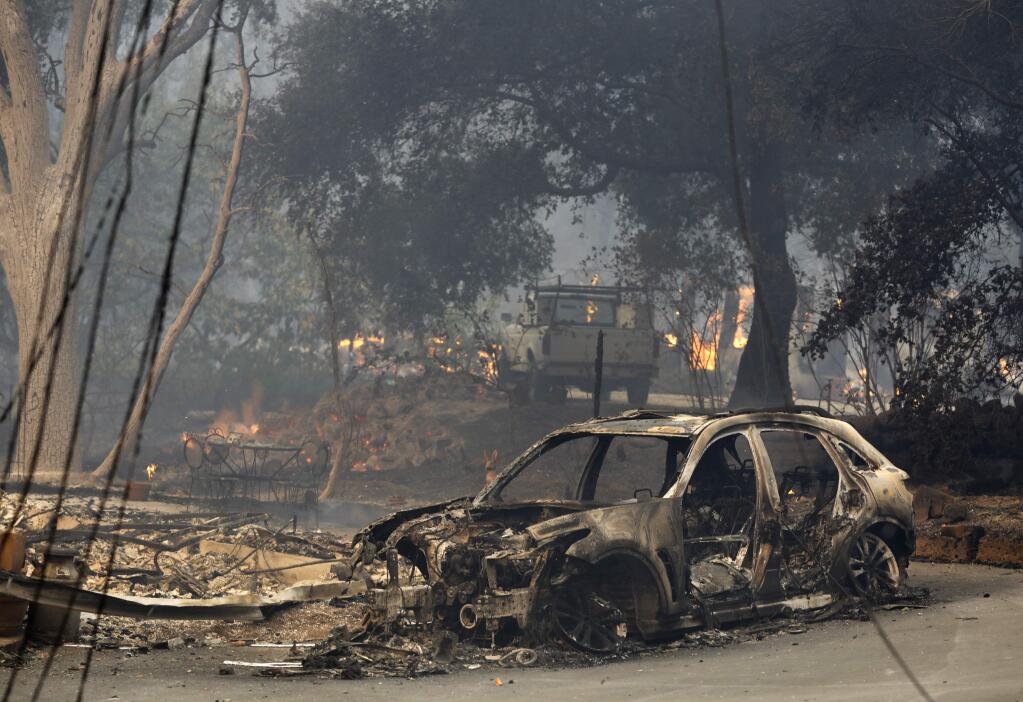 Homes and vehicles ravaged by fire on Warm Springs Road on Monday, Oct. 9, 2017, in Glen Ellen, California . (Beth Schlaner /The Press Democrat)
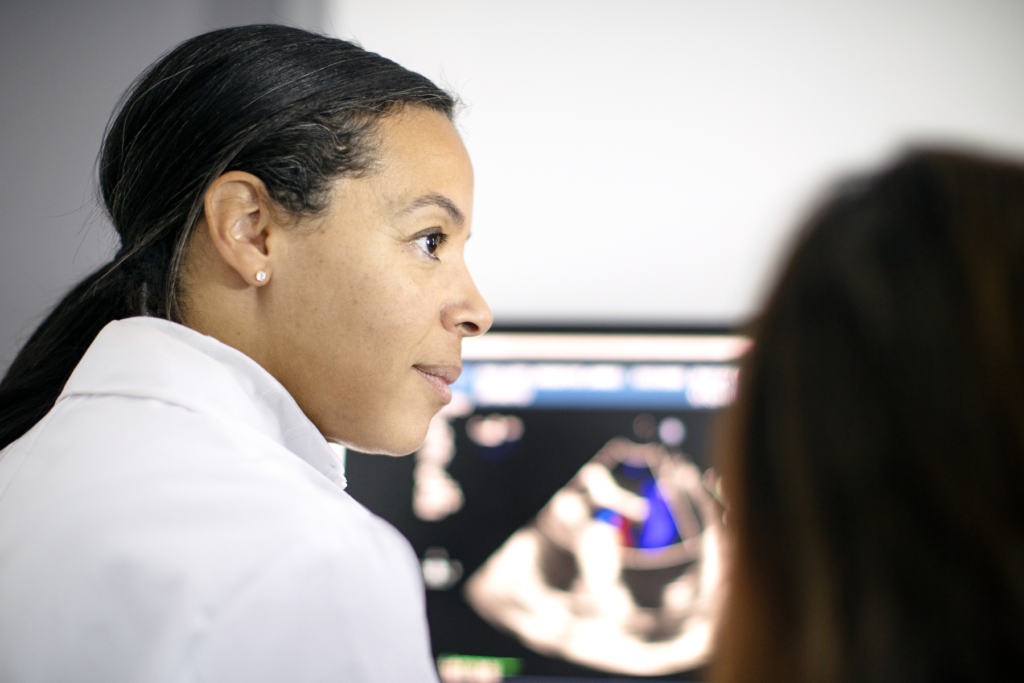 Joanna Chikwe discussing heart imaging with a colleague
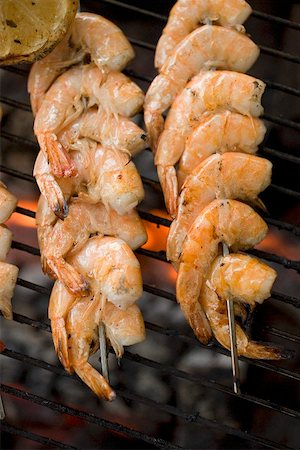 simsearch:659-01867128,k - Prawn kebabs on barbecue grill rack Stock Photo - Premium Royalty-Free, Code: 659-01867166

-*-*-

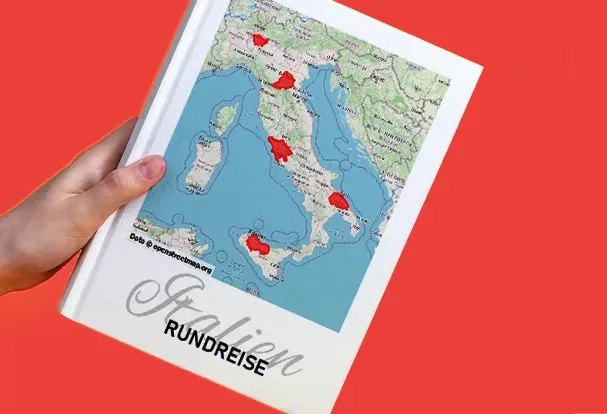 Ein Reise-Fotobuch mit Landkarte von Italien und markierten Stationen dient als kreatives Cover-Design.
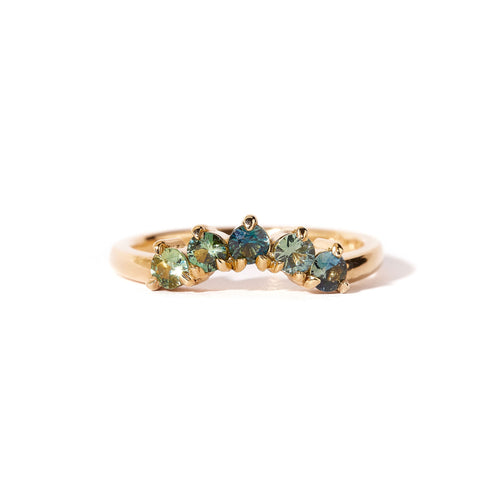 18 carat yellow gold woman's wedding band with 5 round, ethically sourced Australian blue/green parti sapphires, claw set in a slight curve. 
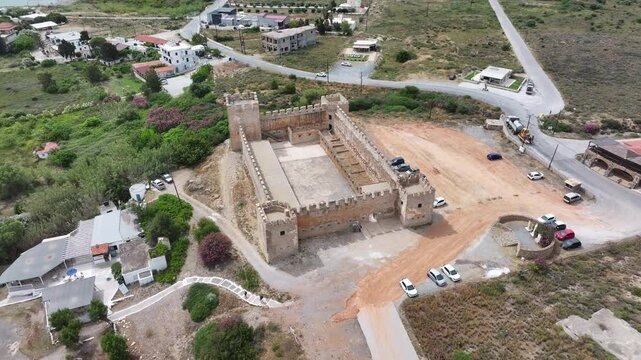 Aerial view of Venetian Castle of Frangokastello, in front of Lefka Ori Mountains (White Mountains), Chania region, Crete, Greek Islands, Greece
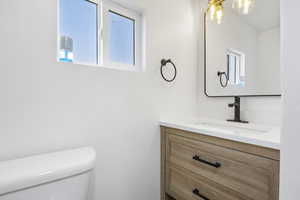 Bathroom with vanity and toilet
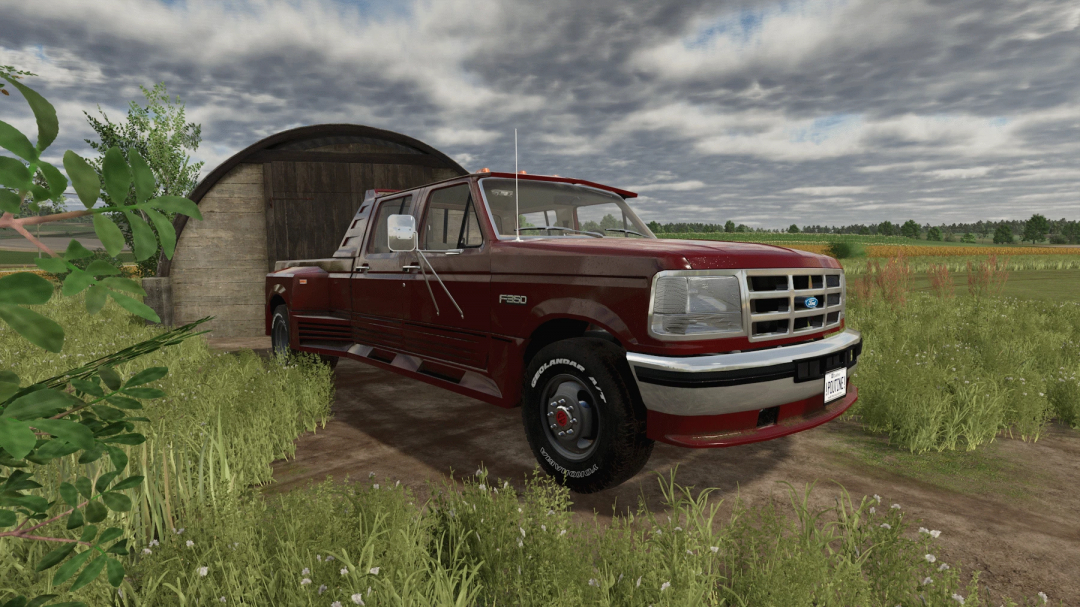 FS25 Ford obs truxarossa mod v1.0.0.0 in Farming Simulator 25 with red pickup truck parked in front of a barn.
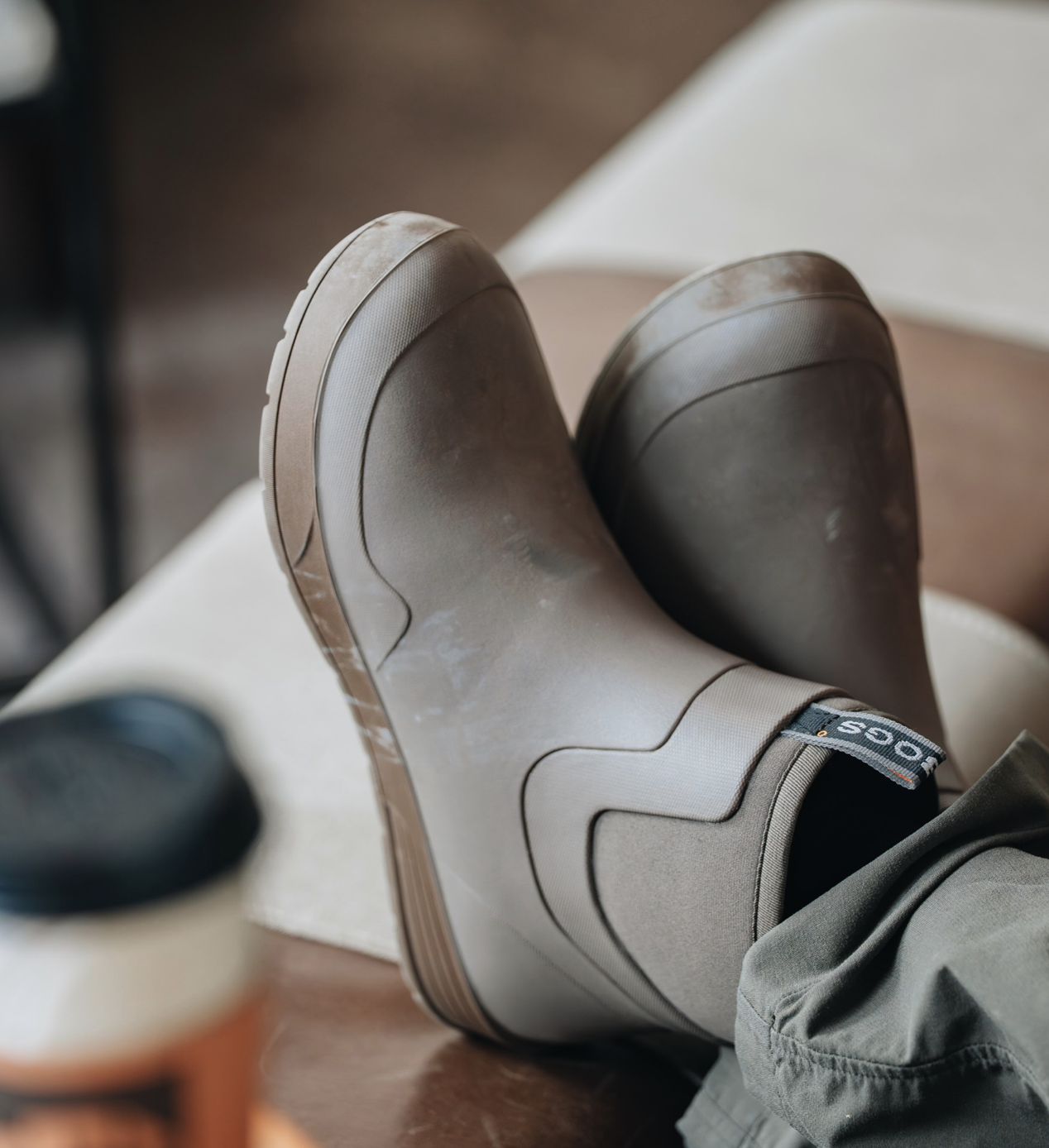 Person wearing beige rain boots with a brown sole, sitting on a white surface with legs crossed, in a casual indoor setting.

-*-*-

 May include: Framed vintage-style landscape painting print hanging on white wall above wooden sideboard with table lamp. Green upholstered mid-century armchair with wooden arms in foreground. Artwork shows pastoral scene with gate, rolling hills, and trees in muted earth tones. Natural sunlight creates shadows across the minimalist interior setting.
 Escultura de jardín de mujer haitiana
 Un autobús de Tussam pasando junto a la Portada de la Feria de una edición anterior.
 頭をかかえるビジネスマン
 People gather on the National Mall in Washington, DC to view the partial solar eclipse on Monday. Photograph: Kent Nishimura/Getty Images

-*-*-

Return the material from the line containing "Joanna Chikwe discussing" through the line containing "simsearch:659-01867128,k - Prawn", exactly and in full, but without its pictures.

 Joanna Chikwe discussing heart imaging with a colleague
 simsearch:659-01867128,k - Prawn kebabs on barbecue grill rack Stock Photo - Premium Royalty-Free, Code: 659-01867166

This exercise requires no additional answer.